2. La vision républicaine
La nostalgie républicaine se fonde sur la critique d’une gauche caractérisée par le déclin des trois
exigences qui la fondent : l’universalisme, la justice sociale et la liberté. Mais cette conception relève d’une
vision du passée, qui exclut toute modernité : « …retour à une vision autoritaire, unitaire, exclusive, universaliste
et intensément passéiste » (P.Nora). Les auteurs ajoutent qu’elle est « exclusive, parce qu’elle édifie sa
cohérence en s’opposant à ses ennemies, ayant besoin d’adversaires pour qu’elle-même puisse incarner le tout ».
3. La civilisation post travail
L’idée proposée est le dépassement de la valeur travail comme fondement de la vie sociale. Elle appelle
à une civilisation du temps libéré et au développement d’un modèle de justice redistributive. Cependant, les
auteurs se refusent à se résoudre à l’abandon de la valeur du travail qui est utile.
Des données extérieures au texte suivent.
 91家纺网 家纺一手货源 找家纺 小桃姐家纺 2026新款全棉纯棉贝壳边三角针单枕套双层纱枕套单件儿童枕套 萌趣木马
En revanche, ils s’attachent à
réinventer un salariat pour que le travailleur réacquiert une certaine liberté et puisse défendre ses intérêts dans
une société où la négociation est fragmentée et le corps intermédiaires déclinants.
V.
LE SENS DE LA DEMOCRATIE
1. Le réformisme
L’ambition de la réforme de la société française doit abandonner les caractéristiques du réformisme
classique : le modernisme économique s’apparentant à la problématique de la gestion doit encourager la
participation la plus large et oublier la démarche politique globale.
2. Les nouvelles méthodes du changement
Les auteurs proposent de nouvelles méthodes du changement : les réformes doivent être plus ciblées,
plus proches, plus rapides, une somme de micro-décisions s’appuyant sur des relais sociaux locaux. Le politique
doit investir dans le domaine anthropologique pour réaffirmer une identité (comme celle des chômeurs). Celui-ci
doit éviter la dérive sécuritaire et reprendre le « verbe » pour traduire les problèmes locaux.
3. Démocratie et cohésion sociale
Quant à la problématique de la cohésion sociale, Fitoussi et Rosanvallon défendent de nouvelles normes
juridiques et prônent le changement : la reformulation des droits pour que l’intégration ne soit pas un droit de
subsistance mais un droit à l’utilité sociale.
4. L’économie et le social
Pour que ces changements soient un succès, le politique doit repenser l’économie et le social en cessant
de les opposer. L’élément qui cristallise cet antagonisme est le système de protection sociale. Il en existe
différentes interprétations :
- comme système de stabilité économique : il permet de maintenir l’activité en période de crise (mais ce
système ne permet pas de mener une réflexion sur les raisons d’une panne de croissance durable)
- comme système de redistribution solidaire
 La tendance actuelle est l’individualisme où les avantages acquis sont défendus et stigmatise les inégalités. Le
service public semble être la seule issue possible : par le développement de la politique d’égalités des chances et
d’égalisation des dotations initiales en terme de logement, d’éducation, de crédits, transport…un nouveau service
public devrait permettre une réduction des inégalités.
Ceci est un « combat » primordial puisque « l’égalité des chances est consubstantiel de la démocratie ».
ACTUALITE DE L’ŒUVRE
L’idée du politique en panne et la résignation du politique dans ses actions :
Si les 35 heures et les emplois jeunes ont plus ou moins créé des emplois, selon la justification qu’on donne à ces
postes, force est de constater qu’on fractionne le volume d’emploi existant plutôt que de lui donner une nouvelle
dynamique, et on s’en remet à la chose publique pour créer des emplois en réponse à l’absence de mesures
efficaces et durables émanant de cette même entité.